The Swiss do it better or, why direct democracy is not enough. Part II.

Swiss direct democracy should not exist. Switzerland should not be a stable country either, but it is the most advanced democracy and the most stable country.

If we look at Switzerland past the cliches, the foolish comments about the “crazy system where the people are voting themselves to exhaustion”, we see the most politically advanced country in the World.

Let us look at the facts on the ground.

Switzerland has all the elements that in other countries create serious political problems; they have founding peoples who speak different languages, practice different religions and have different cultures. They even have different temperaments.

The Swiss have made their country the most democratic and stable country on Earth. It is also the most prosperous too, with the best universal health care, etc.

Switzerland is the most democratic because “democracy” means “government by the people”, not by the representatives of the people. No other people come close to the Swiss in actual people’s power.

To make matters even more difficult for the Swiss, the founding peoples of Switzerland had a history of being at war with each other.

As you probably know, the Swiss practice direct democracy; a huge advance over representative democracy. But the Swiss realized direct democracy would not be enough.
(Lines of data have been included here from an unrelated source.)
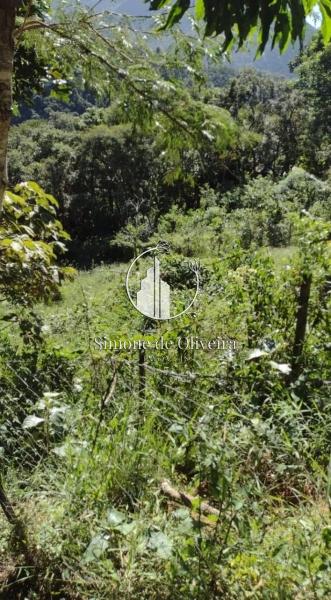 Comprar Terreno Residencial em Araras, Petrópolis/RJ - Simone de Oliveira Imóveis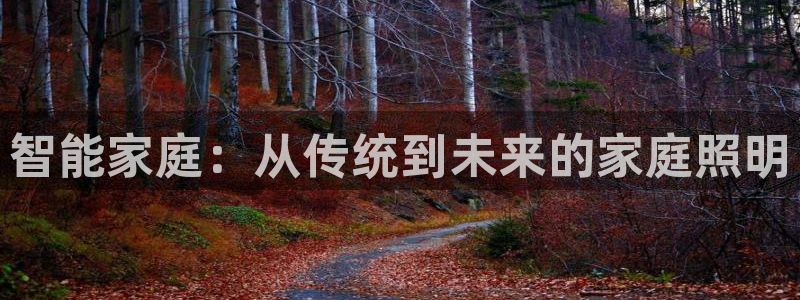 智能家庭:从传统到未来的家庭照明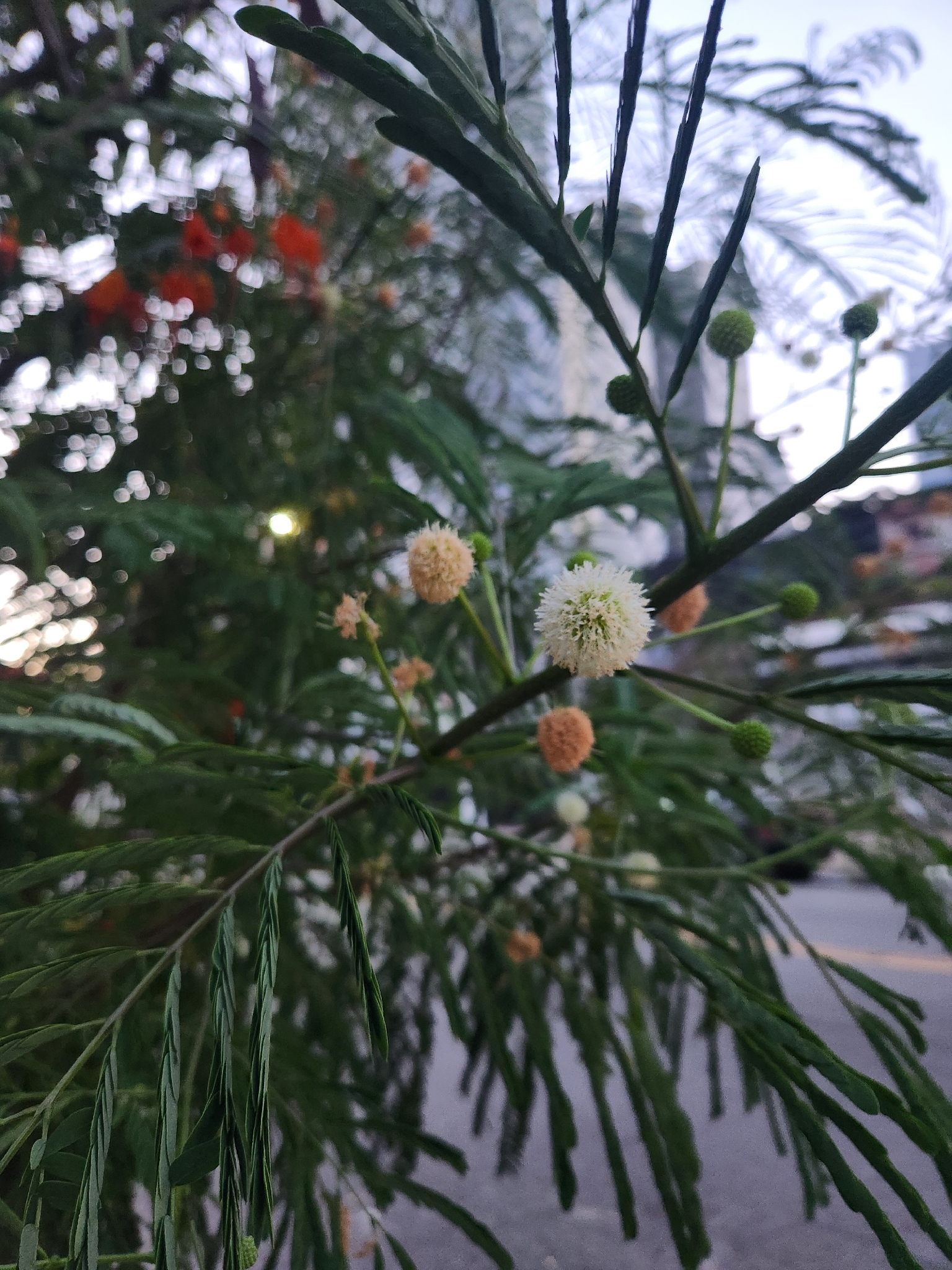 Leucaena leucocephala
They also had to accommodate the cultural and linguistic differences among the people living in different areas of Switzerland.

The Swiss saw that Swiss German-speakers made up almost two thirds of the population of the country, French-speakers one quarter, Italian-speakers 8% and Romansh-speakers a tiny 0.5%. They had to figure out a way to prevent Switzerland from becoming a country were the German-speaking majority became so dominant that the other groups would feel oppressed or discriminated; as you know it happens in other countries.
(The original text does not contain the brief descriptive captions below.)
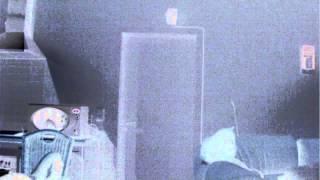 Project X kelzor Horror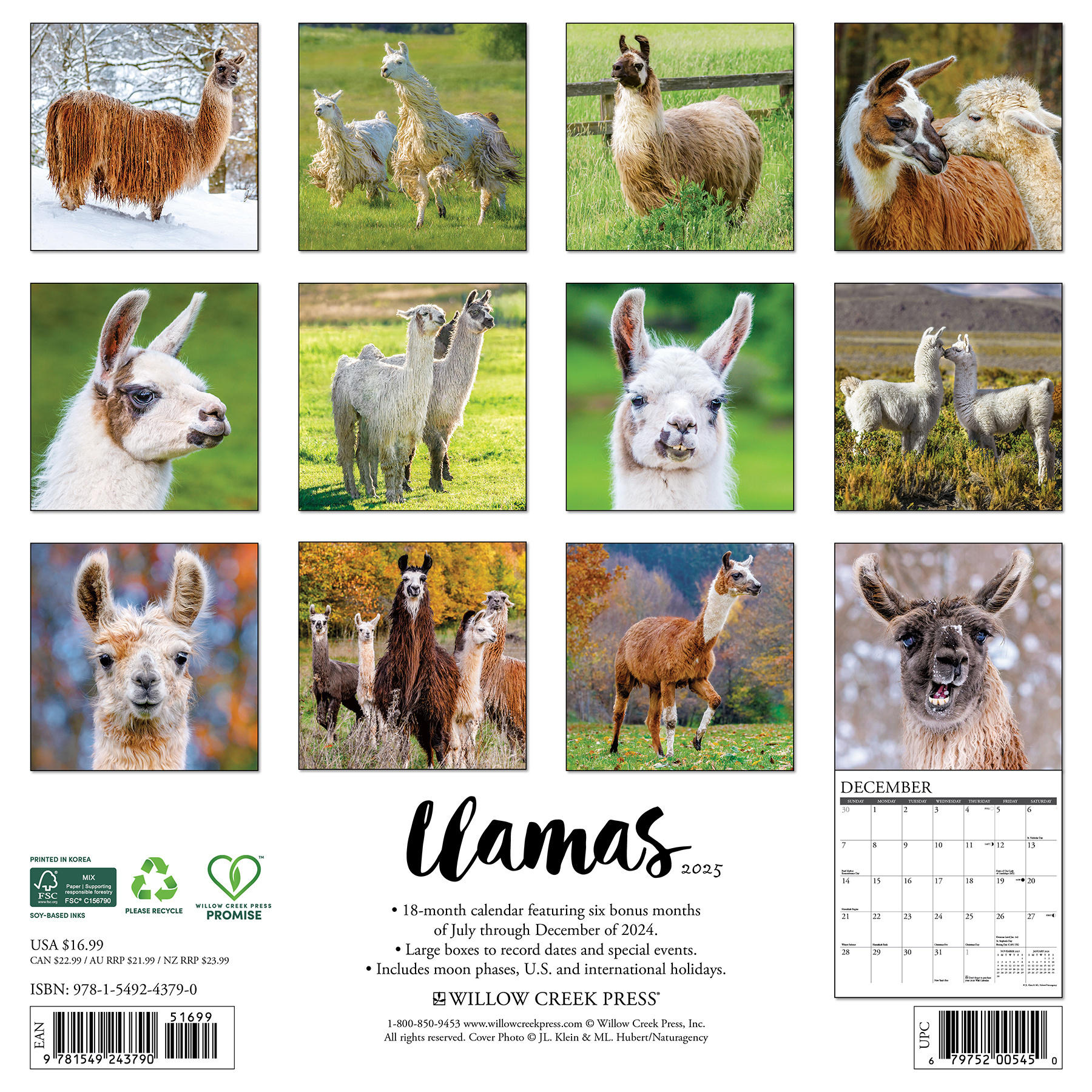 Buying Llamas Calendar 2025? Order online quickly and easily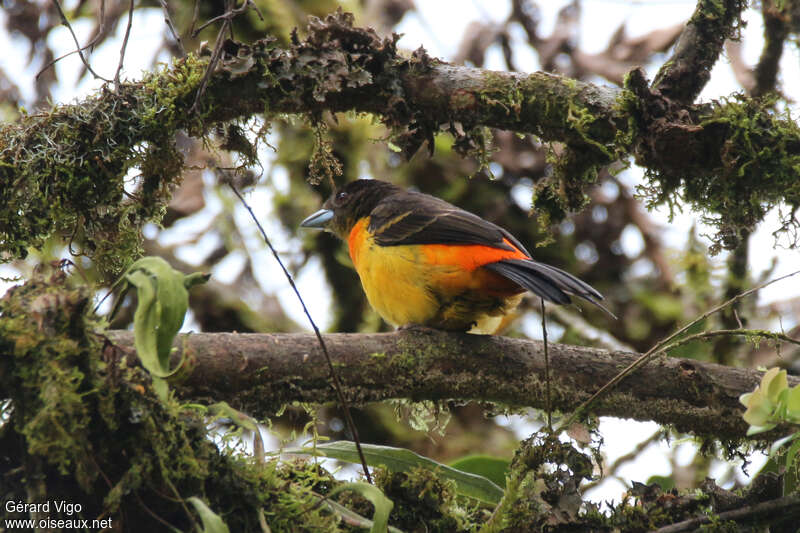 Flame-rumped Tanager female adult, identification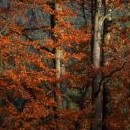 Podzimní les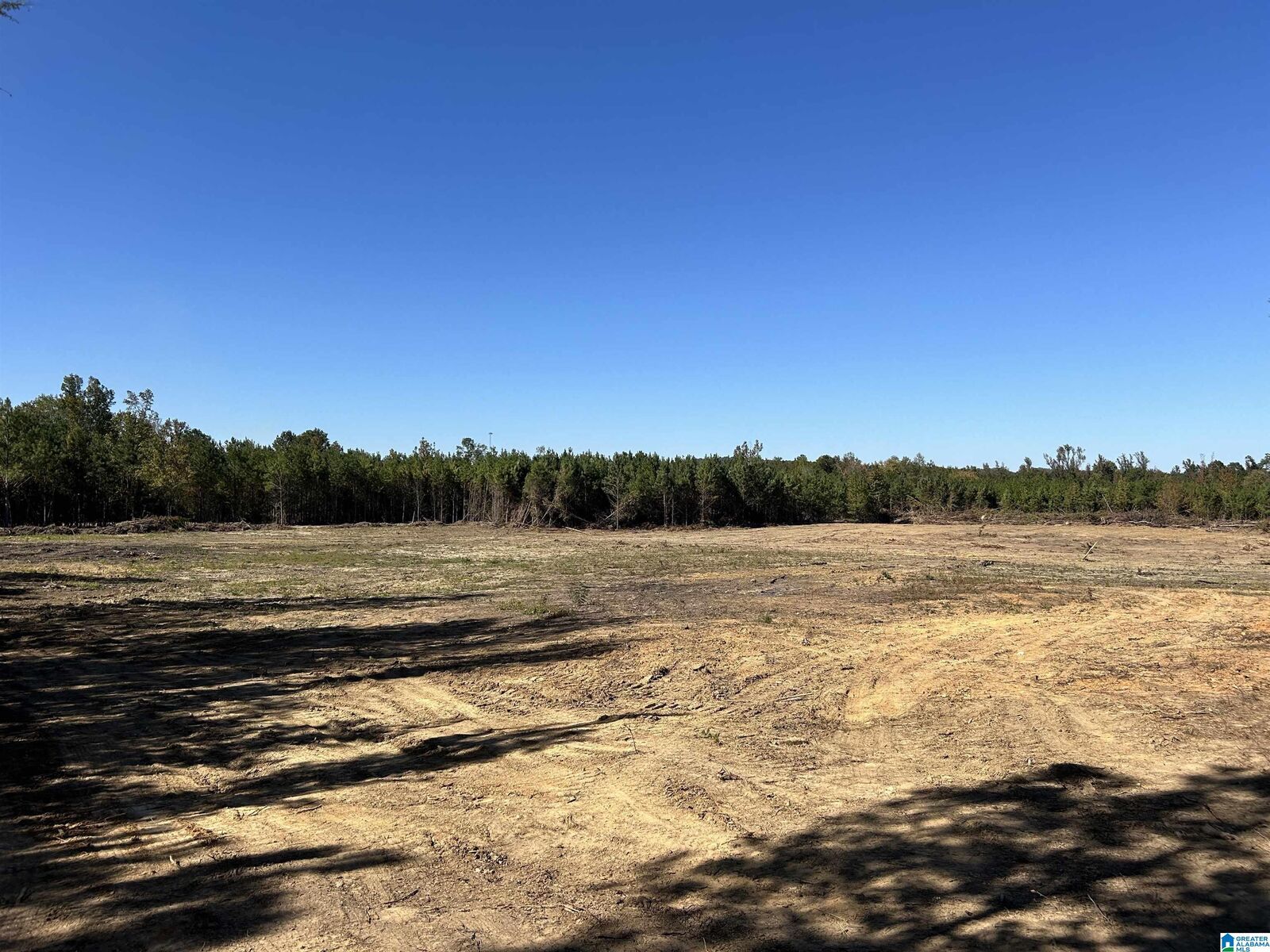 Property Photo: 26 Dover Road None AL 36271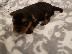 PoulaTo: Yorkshire Terrier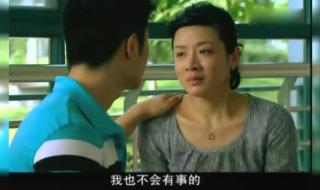 岳红主演的电视剧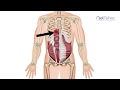 How To Find Trigger Points - Rectus Abdominis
One smart thing the Swiss did is se up Switzerland as a federal nation; a union of free states.

Another good move was to separate cultural-language identity from territorial administration.
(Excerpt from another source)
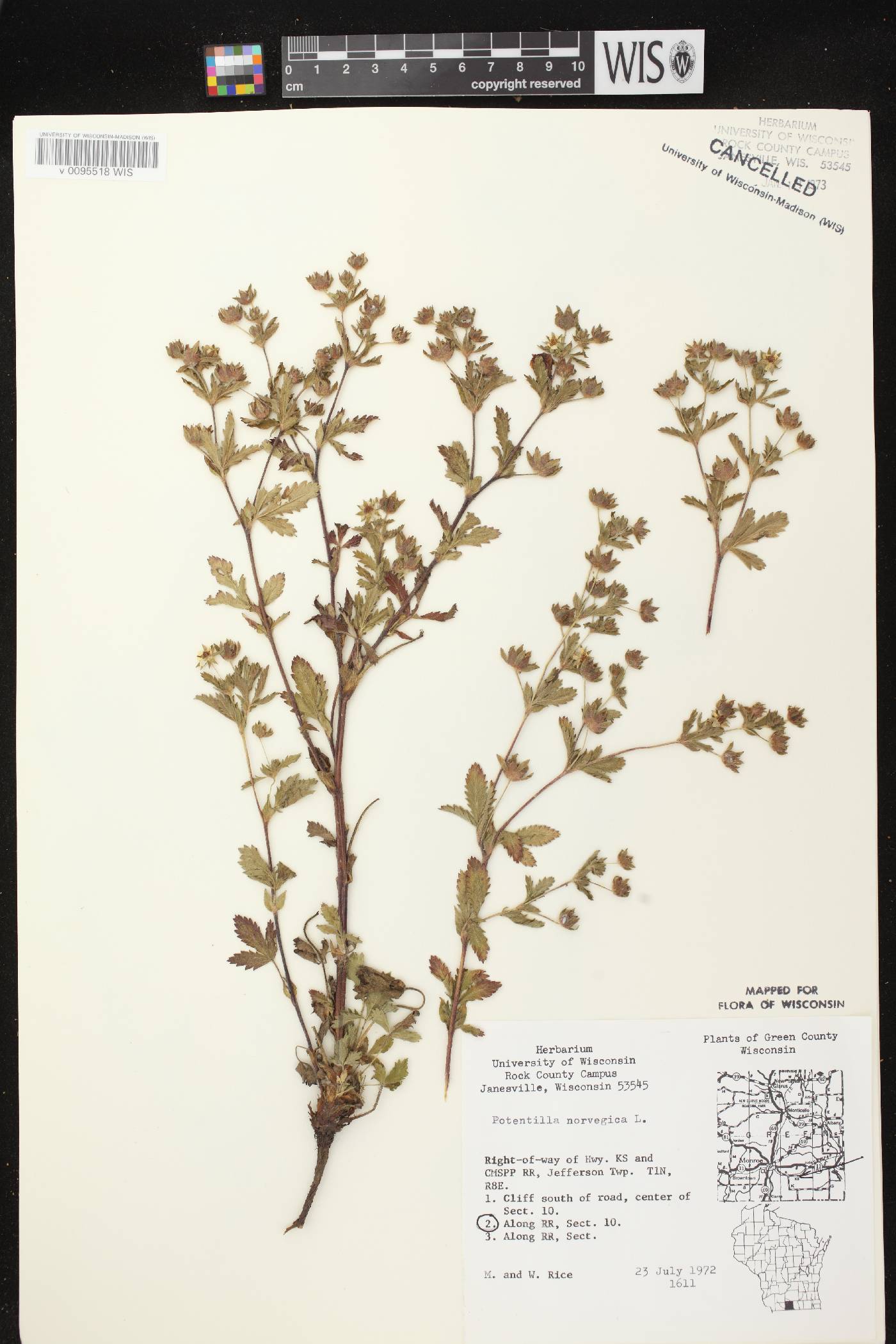 Potentilla norvegica image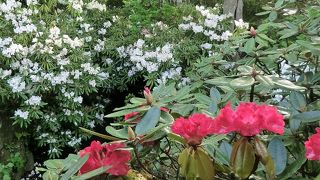 シャクナゲが綺麗でした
Most other countries, including federations, with several historical cultures, do the opposite; they organize the country around language and culture. In those countries each group has its own territorial administration; they never make the arrangement work very well. Friction, separatist movements, even terror, are never too far.

Had Switzerland done the same as most other countries, the country would have four cantons; a huge (compared to the others) German-Speaking canton of 5.5 million people, a mid-size French-Speaking Canton of 2.1 million, one small Italian-Speaking canton of 0.5 million people, and one tiny Romansh-speaking canton of 50 000 people.

It is easy to see how a huge German-speaking canton, dwarfing the rest, could find it hard to resist making its power prevail over the others. If that happened friction and resentment would quickly appear.

But the Swiss did not do that. What they did is divide Switzerland into 26 cantons; 17 German-speaking, 4 French-speaking, two Italian-speaking and a few bilingual and even trilingual cantons.

The Swiss also have a flexible system of Cantons; it has happened that a group has become a canton because they were not happy in their old canton

Another clever move by the Swiss was not to have one national language, official or otherwise. The Swiss made the languages of the four founding peoples official languages; German, French, Italian and Romansh are all official languages of the national federal government. Note than only 0.5% of the Swiss speak Romansh, yet their language is official language.

By doing all those things, the Swiss succeed at finding harmony among their founding cultures. Many other federal or unitary nations, such as Canada, the US, Germany, Australia, France, Spain, etc., have not.

Those are great nations in many other respects, but they have not been able to achieve the harmony the Swiss have achieved. The Swiss have done away with the “majority-minority” concept. They did it by dividing the territory occupied by German-speakers and French-speakers into many cantons. It is almost as if the Swiss system turns every group into a minority.

Swiss cantons are small, but each is very autonomous, almost another country within Switzerland. Each Swiss canton has far more autonomy than the often much larger states in the US or the Canadian provinces.

The Swiss have also succeeded at making their nation’s identity independent of language and culture. By doing this they keep at bay the “tribal impulse” humans have.

I believe it is essential to understand what the Swiss have done. All countries need direct democracy, but countries with more than one founding culture also need to look at other aspects of the Swiss system which complement direct democracy.